Pericarditis Flashcards
List 8 indications for inpatient mgt of pericarditis.
- Fever >38deg
- Sub-acute course (no abrupt onset of pain)
- Evidence of tamponade (haemodynamic compromise)
- Large pericardial effusion - end-diastolic echo-free space >20mm
- Immunosuppression/compromised patients
- Concurrent anticoagulation
- Acute trauma
- Failure to improve w/ 7days NSAID + colchicine therapy
- Elevated cTnI -> suggests perimyocarditis or myopericarditis
List the aims of treatment in pericarditis.
- Analgesia
- Reduction of inflammation and/or effusion
- Avoidance of strenuous activity -> may precipitate recurrence
- Prevention of recurrence
What are the complications of pericarditis?
- Cardiac tamponade
- Constrictive pericarditis
Outline the pharmaceutical treatment of pericarditis.
If specific cause is known - treat the cause.
For idiopathic or viral:
- NSAIDs
- Ibuprofen 800mg q8h until resolution of symptoms for 24hr then taper over 2-4wks to reduce recurrence rate
- Aspirin 1000mg q8h until resolution of symptoms for 24hr then taper over 2-4wks to reduce recurrence rate
NB: if there is a risk of GI issues (hx PUD, age >65, concurrent aspirin, steroids or anticoagulation) add PPI protection
- Colchicine - good evidence to show efficacy of colchicine in addition to NSAID Rx
- Wt >=70kg - 0.5mg bd (optional loading dose of 1mg bd on first day)
- Wt < 70kg - 0.5mg od (optional loading dose of 0.5mg bd on first day)
- Colchicine should be continued for 3mths
NB: side effects are rare at these low doses - GI (D+V), bone marrow suppressin, hepatotoxicity - beware toxicity in renal failure.
- Glucocorticoids - lowest possible dose and only in cases where there is contraindication to NSAIDs and/or other specific indications for steroids
What are the common causes of pericarditis?

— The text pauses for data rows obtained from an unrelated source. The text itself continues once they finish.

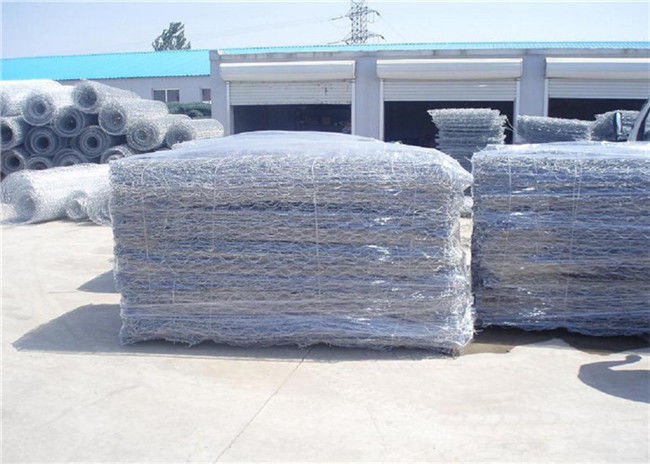 le PVC de diamètre de fil de 3.7mm a enduit l'eau galvanisée et la protection du sol de boîte de Gabion 0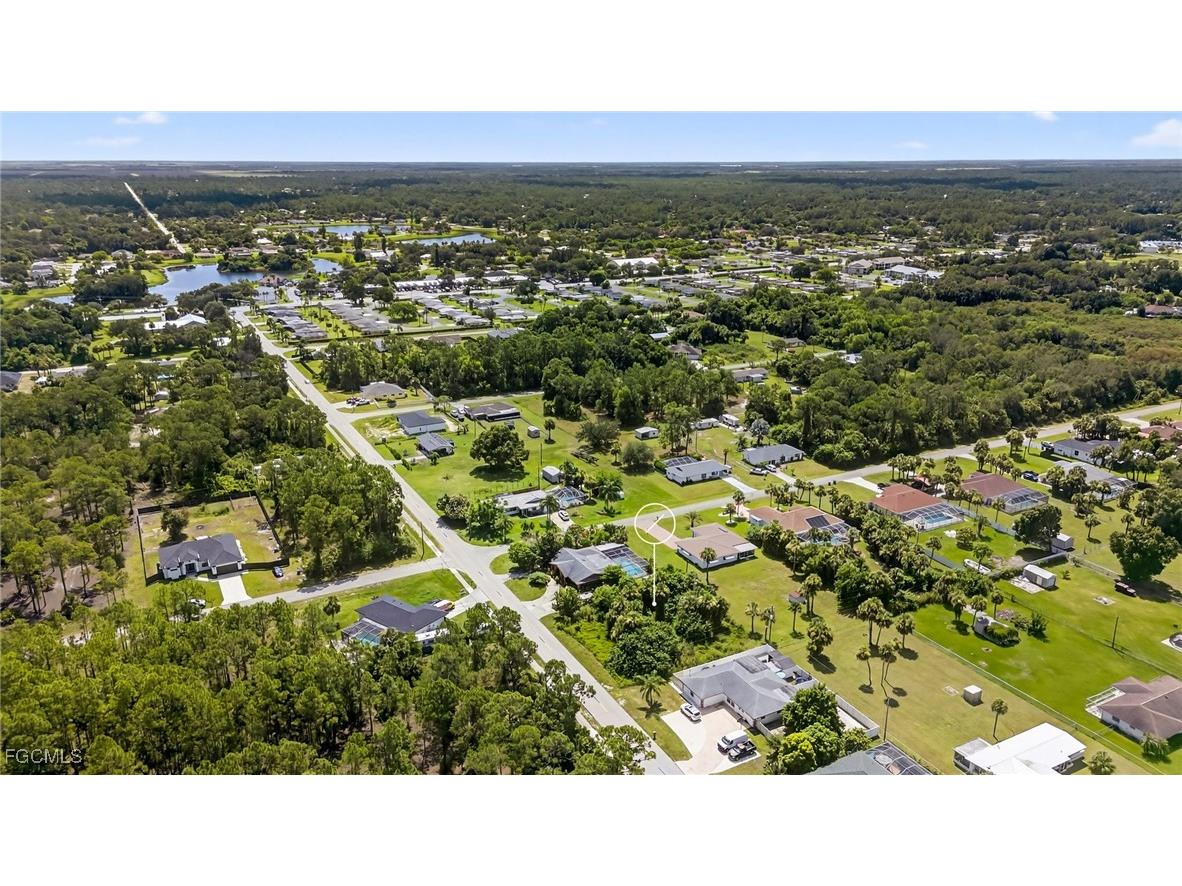 1904 E 6th Street Lehigh Acres FL 33936 2025007320 image4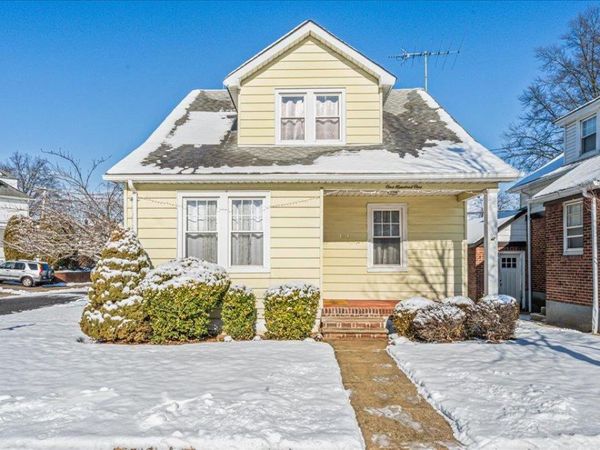 101 Stewart Street, Floral Park, NY 11001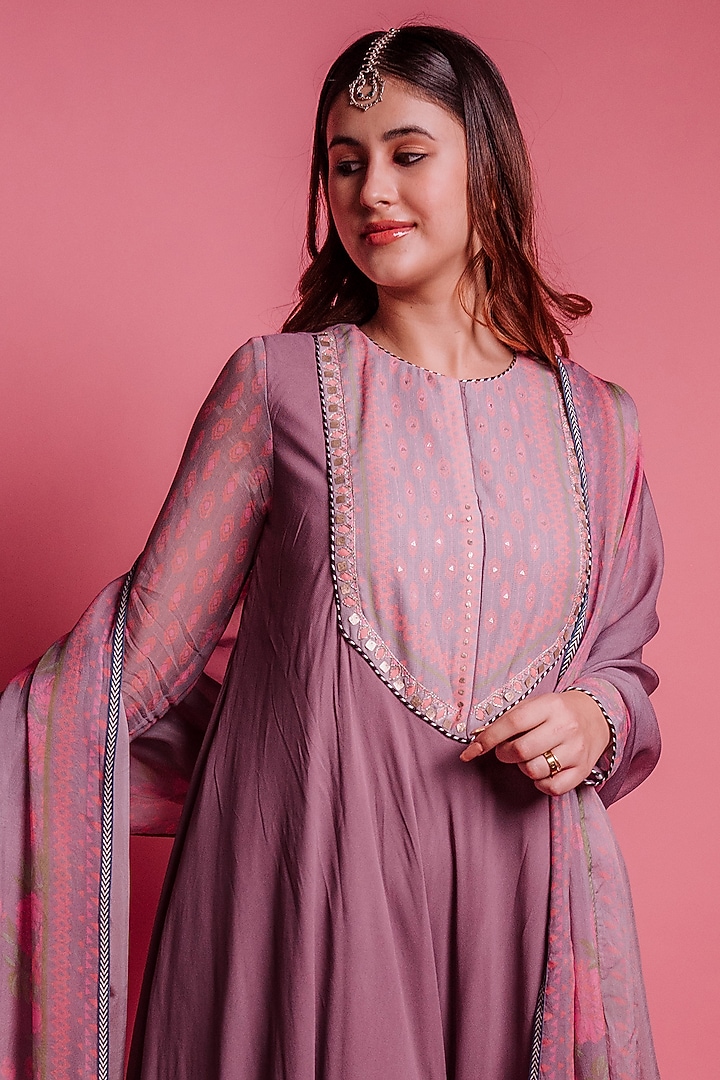 Dewberry Mauve Printed Party Wear Anarkali Set by Bandana Narula at Pernia's Pop Up Shop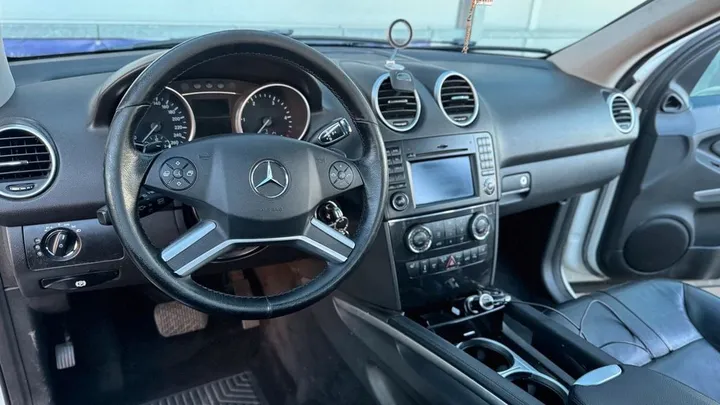 Mercedes-Benz ML 320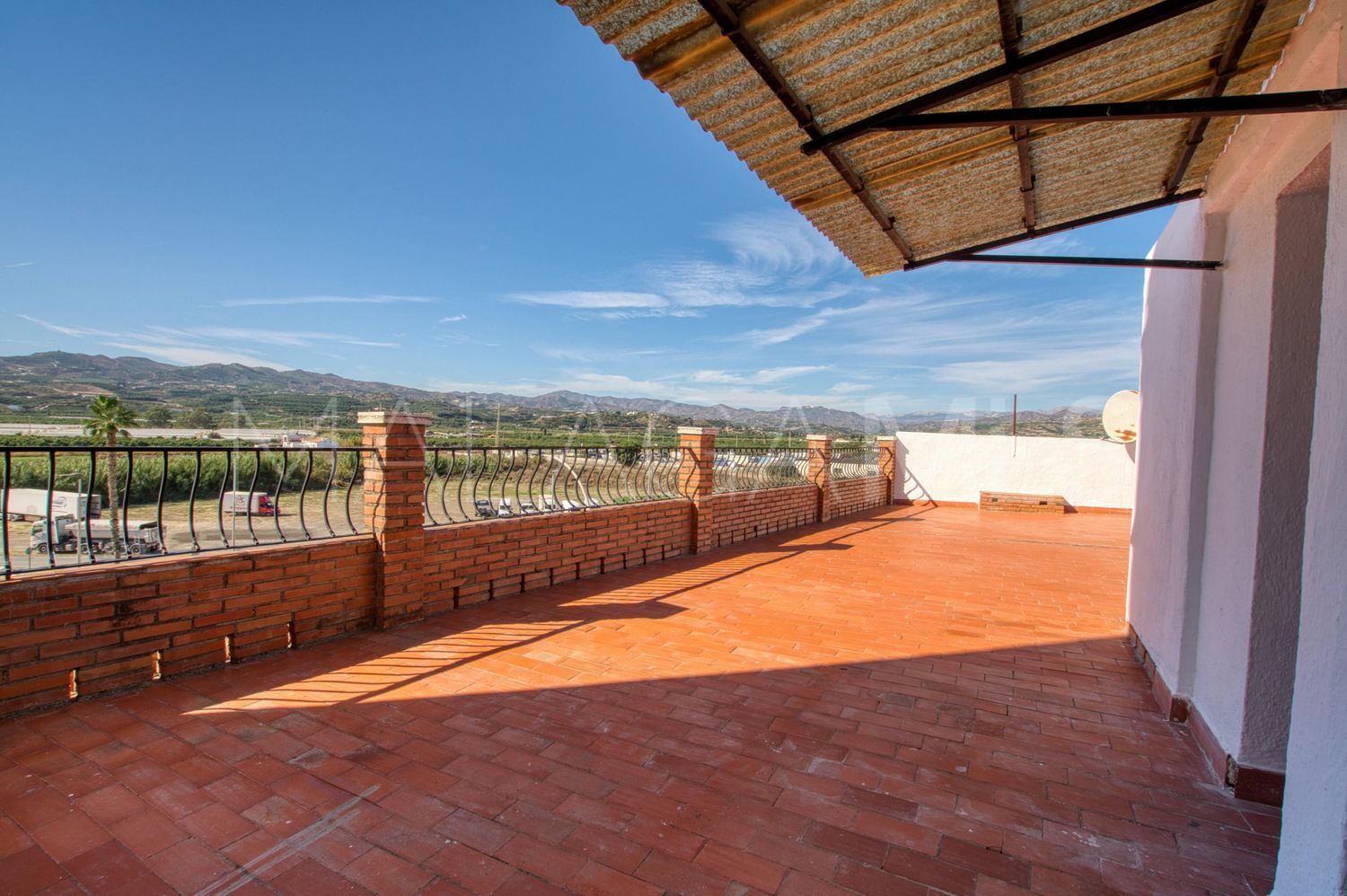 Byggnad for sale in Vélez-Málaga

- Idiopathic - most common
-
Infectious
- Viral - coxsackievirue, echovirus, adenovirus
- Bacterial - TB (most common in TB endemic regions, Staph, Strep, gonorrhoea, chlamydia
- Fungal - Histoplasma, Aspergillus, Candida
- Parasitic - Toxoplasmosis
-
Non-infectious
- Auto-immune - lupus, RA,
- Neoplasm - Metastatic, primary, paraneoplastic
- Cardiac - post MI (Dressler syndrome), myocarditis, dissecting aneurysm
- Trauma - Blunt, penetrating, iatrogenic
- Metabolic - hyperthyroidism, uraemia, ovarian hyperstim’n
- Radiation
- Drugs
What is the recurrence rate of pericarditis?
15-40%
List the common ECG changes in pericarditis.
- Widespread concave STE
- Widespread PR depression
- Reciprocal changes (ST Dep + PR elev in aVR +/- V1)
- Sinus tachycardia
- If large effusion or tamponade:
- Electrical alternans
- Low voltages
What is the pattern of ECG changes over time in pericarditis?
- ~2wks - STE +PR dep w/ reciprocal aVR changes
- ~1-3wks - normalisation of ST changes and flattening of Twaves
- >3wks - Flattened Twaves invert
- >3wks - Normalisation of ECG
What factors of suggest STE stemming from pericarditis rather than BER or AMI?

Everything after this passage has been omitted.